Впрочем, слишком верить ее признаниям тоже не следует: сохранившиеся письма говорят о том, что — любила, и опровергают даже миф о сексуальной дисгармонии, о преждевременной эякуляции и пр. (Янгфельдт все это зачем-то цитирует и подробно анализирует.) «Ты мой маленький громадик! Мине тибе хочется! А тибе?» (декабрь 1921-го, из Риги в Москву). «Все по сравнению с тобой дураки и уроды» — это ведь она ему писала, а не он ей. Ему был нужен миф об укротительнице — «Пошла играть, как девочка мячиком»,— который подхватили все, начиная с Асеева,— но инициатива в этих отношениях принадлежала ему и правила диктовал он, что очевидно, в частности, из его писем к ней периода «Про это». Семейный миф поддерживали все трое — перед окружающими и даже друг перед другом,— но сам этот миф придумал он, демиург, драматург, и все покорно разыгрывали роли в его пьесе про «ослепительную царицу Сиона евреева». Все это изобрел он, ему так было нужно. Реальную Лилю придумал и воспитал Ося Брик, который, по уже цитированному определению Пунина, «оставил на ней сухую самоуверенность» и внушил множество собственных мыслей; Лилю литературную придумал Маяковский. Какой она была в действительности — вряд ли знала она сама, да это и неинтересно. Она была переимчива, обладала отличным вкусом и не сопротивлялась двум своим Пигмалионам. Впрочем, Ося тоже не сопротивлялся мифу о равнодушном и умном скептике, каковым он, судя по отношениям со своей второй женой Евгенией Жемчужной, был не всегда и не со всеми. Видимо, он чувствовал,— интуицией Господь его не обделил,— что у Володи великое будущее и «что сила — там», как сформулировала Цветаева. Очень возможно, что без Маяковского в двадцатые Брикам не пришлось бы общаться с чекистами, но зато в тридцатые они уцелели только потому, что считались «семьей Маяковского». Хотя, если бы не он, Ося-то уж точно уехал бы: и языки знал, и Европу любил.

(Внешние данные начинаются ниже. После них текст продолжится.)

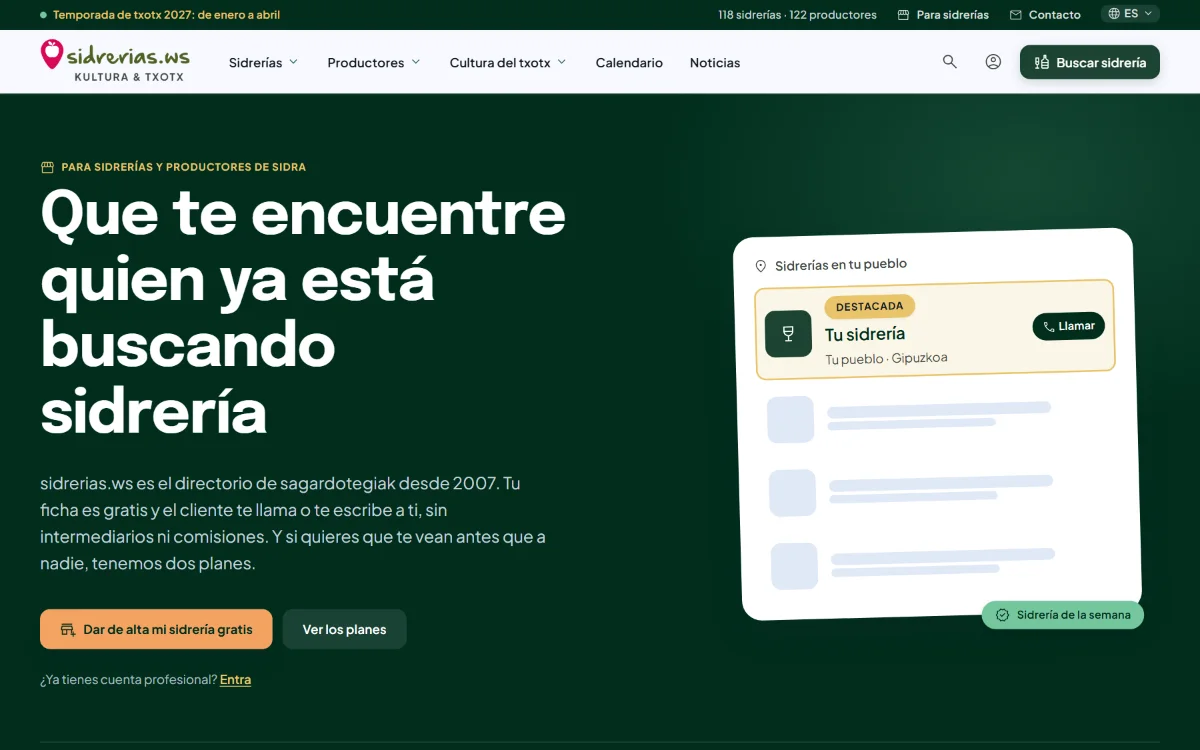 La página para sidrerías y productores, con el alta gratuita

Роман в обычном смысле продолжался всего пять лет да еще пять тянулся на автомате (для нее это очень долго: обычная связь заканчивалась за месяц, иногда за несколько недель). В двадцать четвертом все закончилось — «свободен от любви и от плакатов»,— но продолжалось как легенда, как дань традиции, как тройственный союз талантливых и независимых людей, которым вместе было удобно, по крайней мере до поры.
4
Нам предстоит теперь разобраться, почему эта конфигурация так типична для русской литературы второй половины XIX — начала XX века, в чем тут, собственно, дело — и почему Чернышевский, роман которого перечитывает перед смертью Маяковский, а весь следующий год неустанно читает Лиля, так тесно связал революцию с семейным вопросом. Чернышевский с любвеобильной Ольгой Сократовной, Тургенев и чета Виардо, Герцен-Гервег-Огарев-Захарьина («Мы четыре звездочки, и как нас ни расположи, всё будем блестеть») — что это, собственно, было?

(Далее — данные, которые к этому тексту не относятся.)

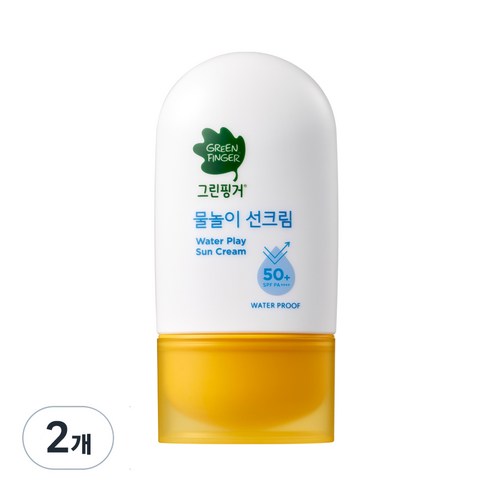 워터프루프선크림 그린핑거 물놀이 선크림 워터프루프 SPF50+ PA++++, 2개, 50ml  Best 5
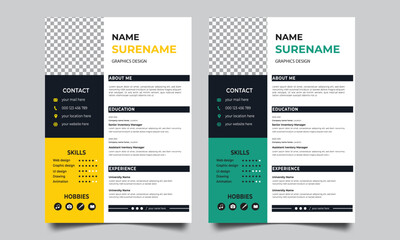 Professional CV resume template design 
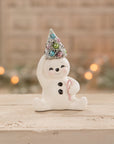 Pastel Tree Hat Snowman With Candy Cane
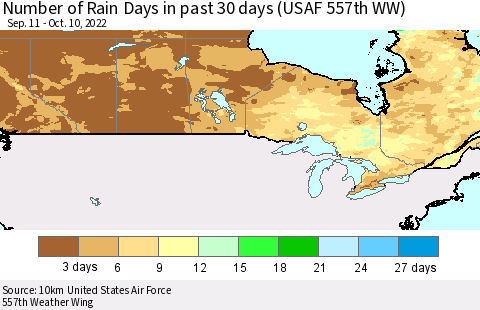 Canada Number of Rain Days in past 30 days (USAF 557th WW) 10/10/2022 Thematic Map For 10/6/2022 - 10/10/2022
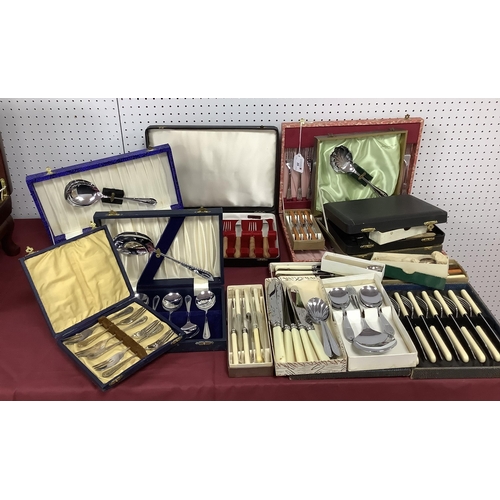 35 - Assorted Cased Sets of Plated Cutlery, including dessert spoons, fish knives and forks, boxed sets o...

«Произошло то, что бывало довольно часто в шестидесятых годах. Не желая стеснять свободного чувства своей жены, полюбившей другого, Н. В. Шелгунов уступил место своему другу, сохранив, однако, свои дружеские отношения и со своей прежней женою, и со своим другом. Михайлов поселился в одной квартире с Шелгуновыми. Дружеские отношения между этими тремя людьми не нарушались. Михайлов еще более, чем прежде, любил Шелгунова, который постоянно в своих письмах к Людмиле Петровне говорил о Михайлове в самых дружеских тонах. У Михайлова и Шелгуновой был сын Михаил…» — пишет Евгений Богат об этом «странном русском романе».
«Уж как я люблю тебя, дружок мой, и как ты меня смешишь празднованием нашей свадьбы! А я всегда забываю этот день. Но в будущем году буду праздновать его непременно, только особенным образом, не так, как празднуют вообще люди. Действительно, голубчик, мы имеем на то некоторое право, потому что, если не в начале, но когда сами развились и созрели, сумели размежеваться в жизни и создали себе счастье, которое дается не многим, да еще долго не будет даваться, пока наши обыкновенные супруги будут пребывать в том остроумном турецком миросозерцании, в каком они обретаются» — это Шелгунов в письме к жене.